Profits fell at JD Sports Fashion (JD.) in the year to January 2026 as hard-pressed consumers cut back on the latest snazzy sneakers, tracksuits and replica shirts. The FTSE 100 retailer also reported a 2.3% drop in like-for-like sales for the weather-blighted first quarter of FY27.
Which begs the question, why did shares in the athleisure giant rally in early deals today?
Well, investors focused on a return to growth in North America, JD Sports’ biggest region, in Q4.
The Bury-based company also demonstrated confidence in its medium-term prospects by bumping the dividend up 20% to 1.2p.
JD Sports clearly believes its shares are undervalued. The company recently kick-started a fresh £200 million share buyback supported by FY26’s near-40% rise in free cash flow.
Uphill running
JD Sports’ adjusted pre-tax profits fell 7.7% to £852 million in a difficult FY26 for the athleisure industry. That was slightly better than analysts had feared.
Total sales rose 10.5% to almost £12.7 billion, boosted by full-year contributions from the Hibbett and Courir acquisitions.
In North America, JD Sports’ sales trends sequentially improved through the year. This culminated in a return to like-for-like growth during peak trading in Q4.
Elsewhere, like-for-like sales were down 1.2% in Europe in FY26. And organic sales fell 2.5% in the UK against a ‘tough consumer backdrop’, with JD’s brick-and-mortar stores suffering from lower footfall.
What did Schultz say?
Under-fire CEO Regis Schultz said: ‘We delivered a resilient performance, achieving organic sales growth of 2.1% despite tough market conditions.
‘Our deep understanding of our customers and lifestyle trends give us a clear view of how they want to shop and spend, allowing us to consistently deliver the right products, in the right places and at the right prices.
‘This customer‑led focus, alongside disciplined cost and capital management, supported a 36% increase in free cash flow.’

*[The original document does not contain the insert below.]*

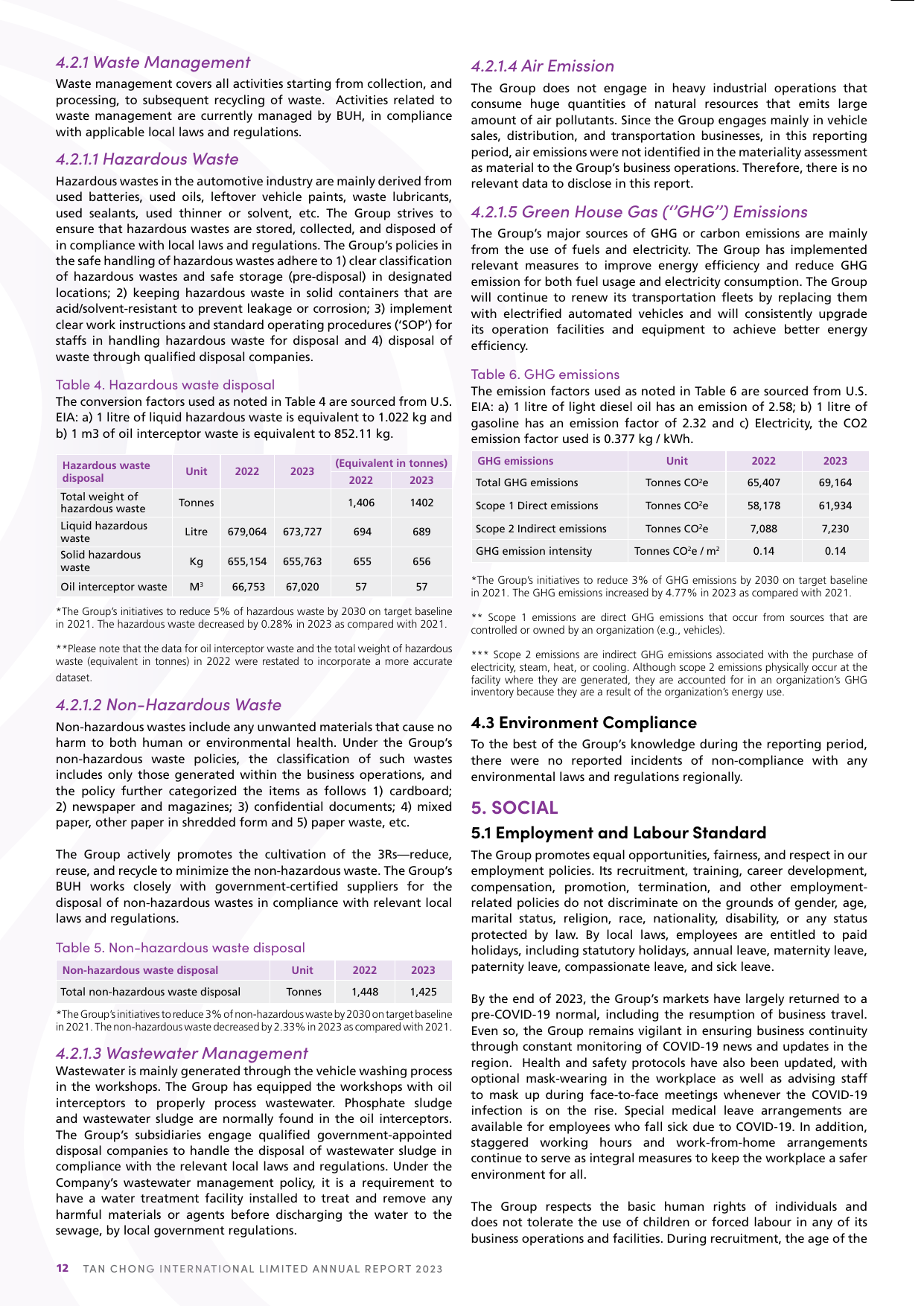 Emissions data extracted from page 14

Schultz added: ‘Whilst we continue to expect muted market growth in FY27, we remain confident in JD Group’s medium‑term trajectory, underpinned by our strong brand partnerships and agile, multi‑brand model.’

JD Sports Fashion is a great business. But the shares have shed more than 60% of their value over the past five years and we see no rush to own them right now.
The youthful shoppers JD Sports targets are feeling the pinch and struggling to find employment. As a result, they are cutting back on the latest footwear and apparel. Unsurprisingly, management expects ‘muted market growth’ in the near term, even with the FIFA World Cup looming.
Furthermore, the impact of the Middle East conflict on consumer spending means JD Sports provided a wide FY27 profit guidance range of £750 million to £850 million. Even at the top of the range, that implies profits will go backwards this year.
And if JD Sports needs to discount product to remain competitive, that would squeeze gross margins and drive further earnings downgrades.